The robotic mission also will provide the first large-scale asteroid samples on which to conduct research and analysis for better understanding of the composition and nature of these primordial planetary bodies, leading to future use of in-situ resources from asteroids.
The mission, which forms part of Nasa’s overall Asteroid Redirect Mission (ARM), will both use and expand Nasa’s ability to detect, characterize and mitigate the threat these space rocks pose to Earth.

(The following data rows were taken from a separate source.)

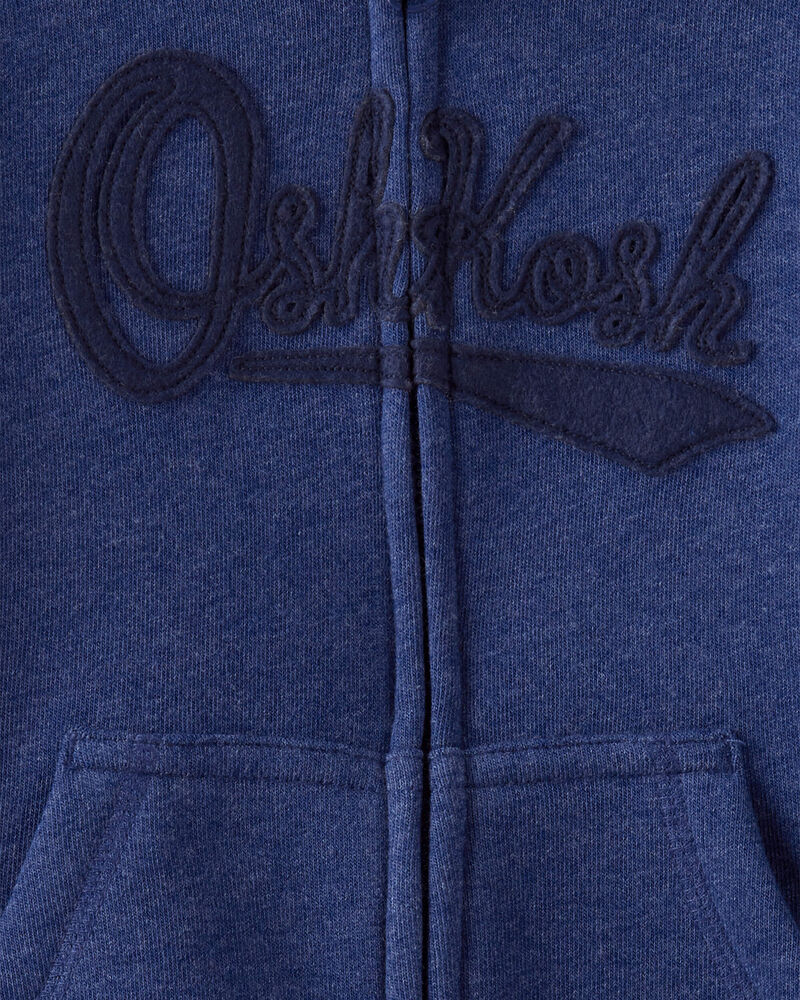Toddler Boy Fleece Hooded Zip-Up Jacket - Navy, image 3 of 4 slides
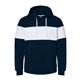 aerial view a navy j america mens varsity pullover hooded sweatshirt, image 1 of 3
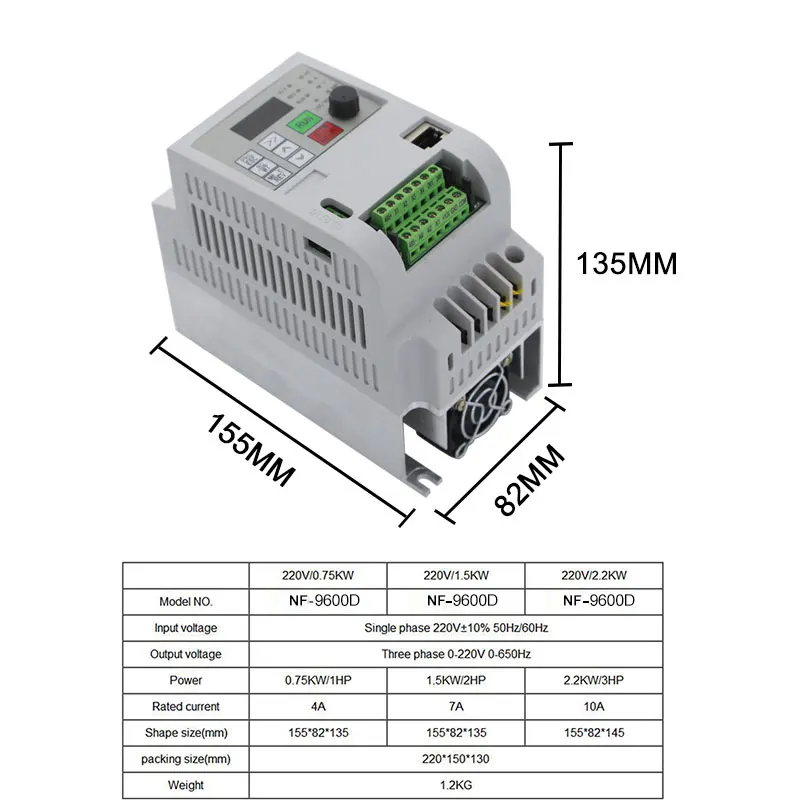 AC 220V 0.75/1.5/2.2/4/5.5/7.5KW 1 phase input and 3 phase output frequency converter/ ac motor drive/ VSD/ VFD/ 50HZ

The highest priority of ARM is to affordably demonstrate and prove new capabilities needed for future human missions to Mars.
NASA calls for solar ideas
Through its Jet Propulsion Laboratory (JPL) in Pasadena, California, Nasa has issued a call to American industry for innovative ideas on how the agency could obtain a core advanced solar electric propulsion-based spacecraft to support the ARRM.
“We’re eager to hear from American companies on their ideas for a spacecraft design that could accommodate our advanced solar electric propulsion requirements and robotic technologies,” said NASA associate administrator, Robert Lightfoot. “We’re also interested in what sorts of innovative commercial, international and academic partnerships opportunities might be practical and help reduce overall mission costs while still demonstrating the technologies we need for our journey to Mars.”
NASA’s ARRM is being formulated to perform a number of technology demonstrations needed for the agency’s journey to Mars, including the use of a 20-fold improvement in state-of-the-art deep space solar electric propulsion capability to move and maneuver multi-ton objects.
NASA’s ARRM spacecraft will need to be able to demonstrate support of high power solar electric propulsion, with initial solar array power of approximately 50 kilowatts. The robotics capture system planned aboard the pioneering vehicle will be capable of acquiring a 20 ton (or larger) boulder of up to about 19 feet (six meters) in width from an asteroid’s surface and then returning it to an astronaut-accessible orbit near our moon. The spacecraft is being formulated to fit atop a variety of launch vehicles — NASA’s Space Launch System or a commercially provided rocket. The spacecraft will need to be ready for launch by the end of 2020.
While at a large asteroid, the spacecraft will also demonstrate a “slow-push” planetary defense asteroid deflection technique during the mission. This uses the spacecraft and boulder’s combined gravitational pull to attempt to change the course of an asteroid.
Redirecting and “parking” a large asteroid boulder within reach of human and robotic explorers also will provide American commercial enterprises their first opportunities to investigate the viability of mining asteroids for precious metals and other resources.